[Saved entries]
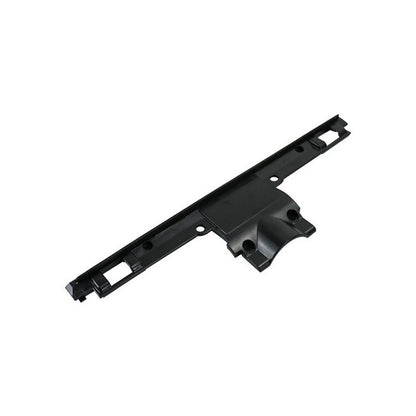 Replacement Squeegee for Bissell 3rd Gen Model 2554A (2021–2021)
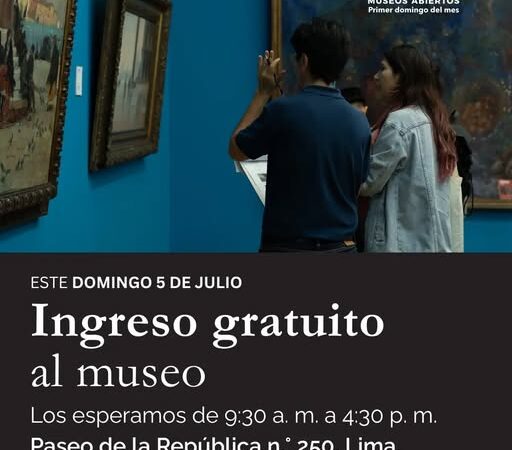 MUSEO DE ARTE ITALIANO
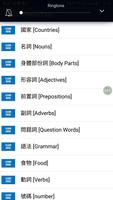 Learn Chinese Easy 포스터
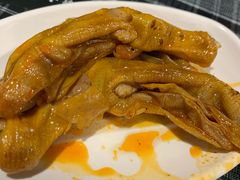-八十八粉儿(尚都店)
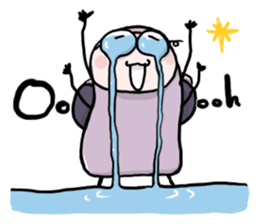 We are ReadingBugs sticker #6641674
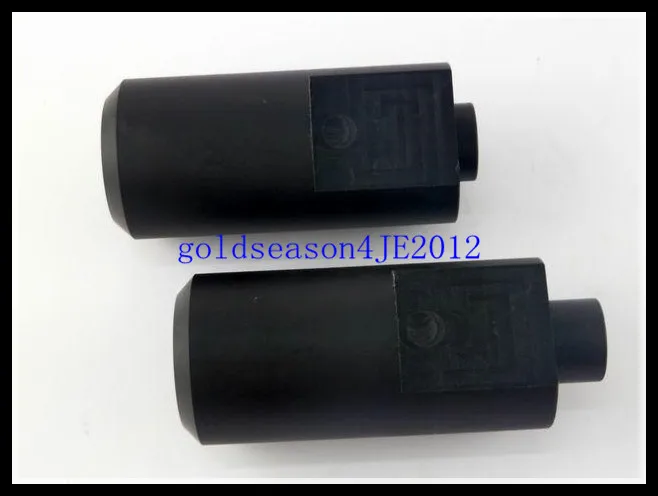 

Black Frame Slider Fairing Protectors For 2004-2006 Yamaha YZF R1 2005
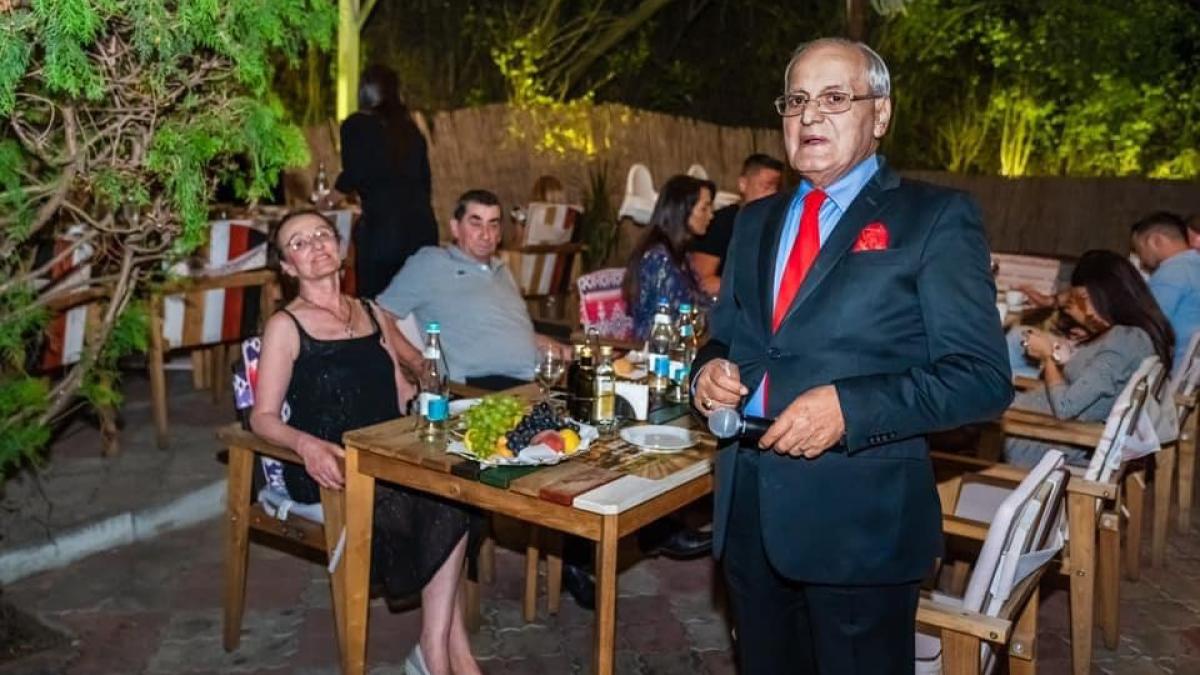 florin-condurateanu--taios-dupa-moartea-lui-nelu-ploiesteanu-l-a-nenorocit--avea-plamanii-facuti-praf--erau-macinati-si-mestecati_49773200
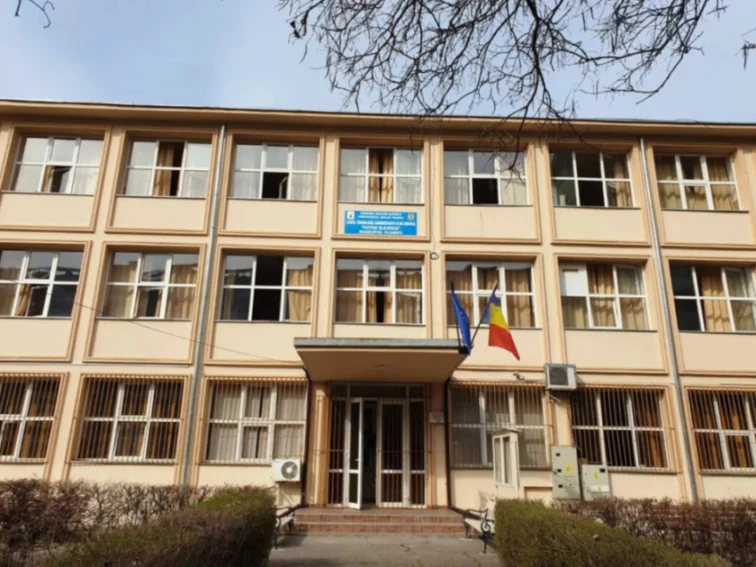 Bacalaureat 2026: Noul sistem de echivalare a competențelor digitale și calendarul complet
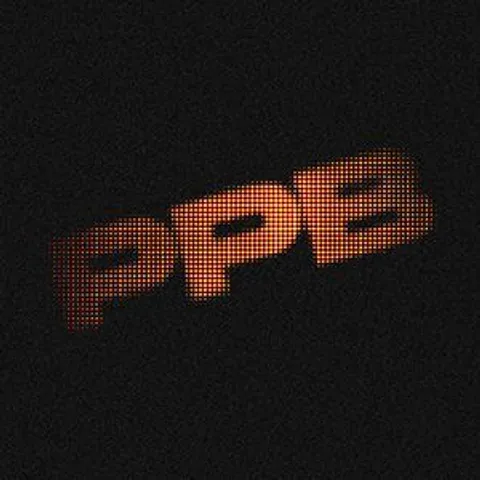 PAGI PAGI BUTA 👥️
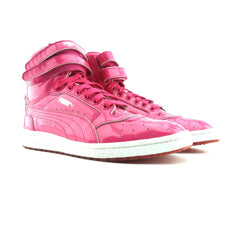 PUMA SKY II HI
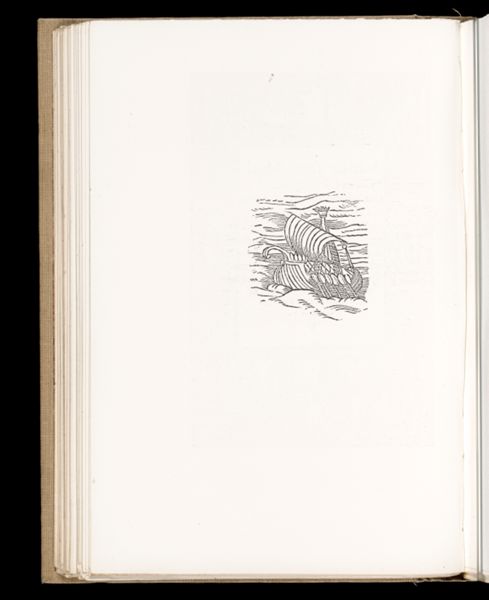 [Untitled image of a boat]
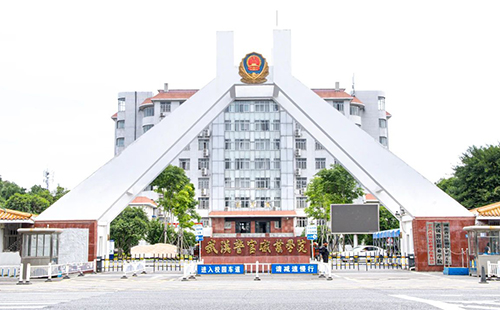 未標題-1.jpg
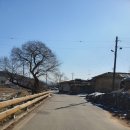 미암4리 경로당 이미지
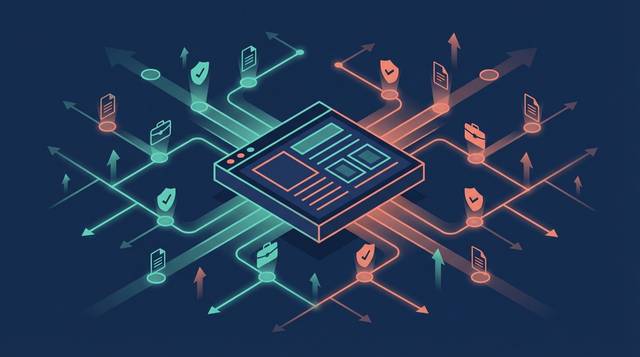 How to Get Backlinks for a New Startup Website (Without Begging or Paying)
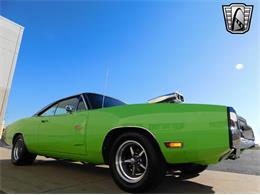 1970 Dodge Charger (CC-1822614) for sale in O'Fallon, Illinois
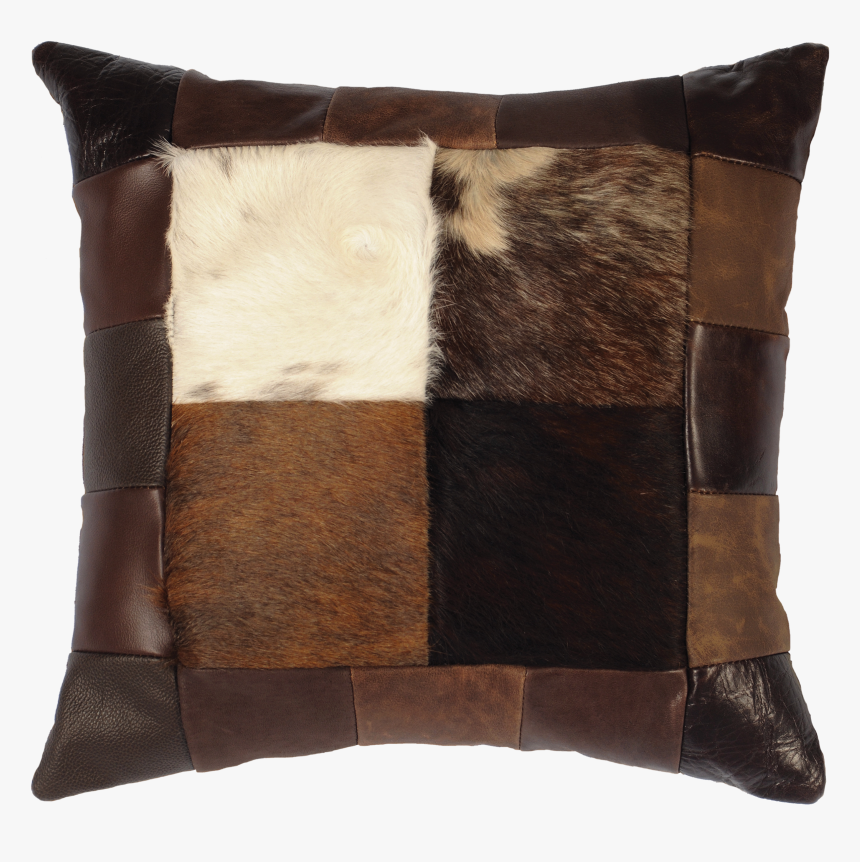 Cushion, HD Png Download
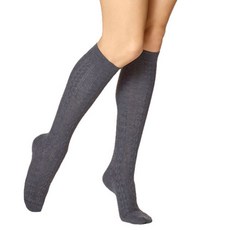 국산오버롱삭스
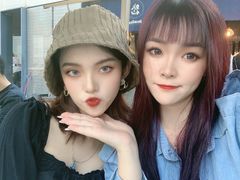 -BeauTea水仙(coco park店)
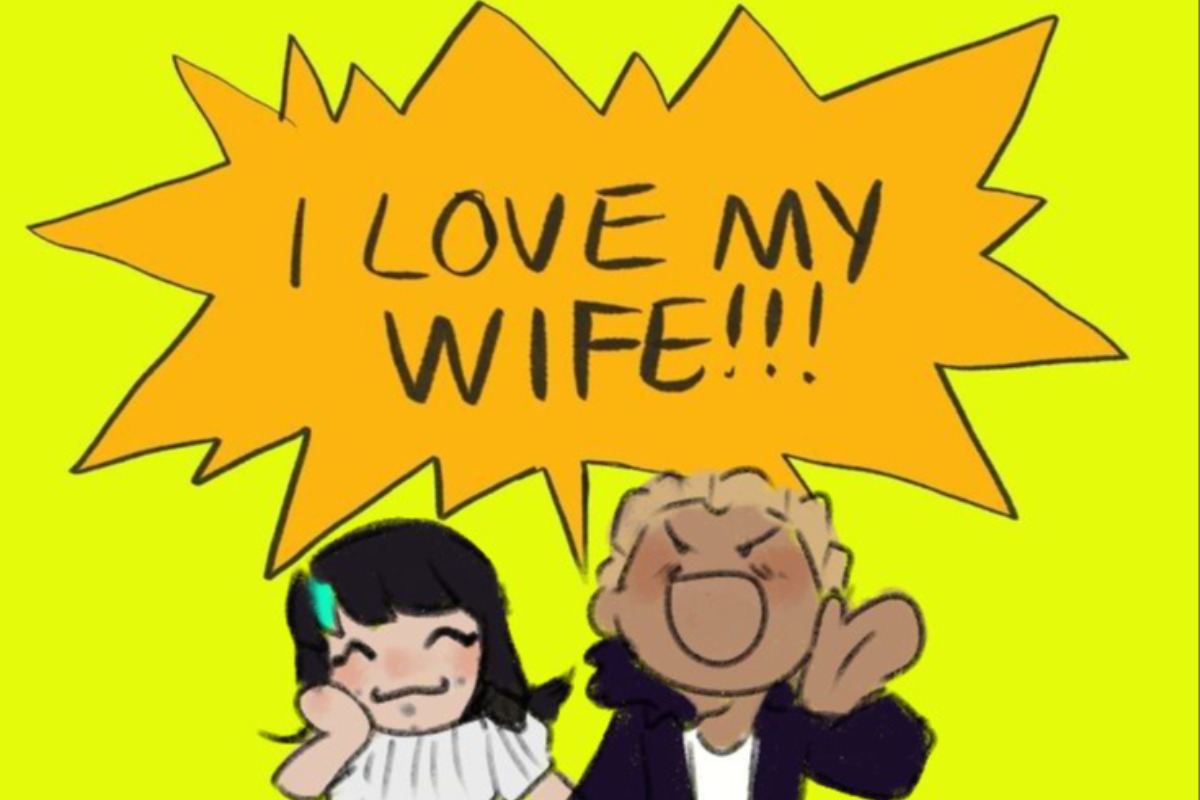 vc me conhece!?!!!!!!!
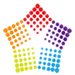 Xiamen Liquid Nails Group Co.,Ltd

What you have to do>
The reply should hold exactly the lines above, starting at the line with "MUSEO DE ARTE ITALIANO" and ending at the line with "미암4리 경로당 이미지", and no pictures.

Task answer>
 MUSEO DE ARTE ITALIANO
 Learn Chinese Easy 포스터
-八十八粉儿(尚都店)
 We are ReadingBugs sticker #6641674

Black Frame Slider Fairing Protectors For 2004-2006 Yamaha YZF R1 2005
 florin-condurateanu--taios-dupa-moartea-lui-nelu-ploiesteanu-l-a-nenorocit--avea-plamanii-facuti-praf--erau-macinati-si-mestecati_49773200
 Bacalaureat 2026: Noul sistem de echivalare a competențelor digitale și calendarul complet
 PAGI PAGI BUTA 👥️
 PUMA SKY II HI
 [Untitled image of a boat]
 未標題-1.jpg
 미암4리 경로당 이미지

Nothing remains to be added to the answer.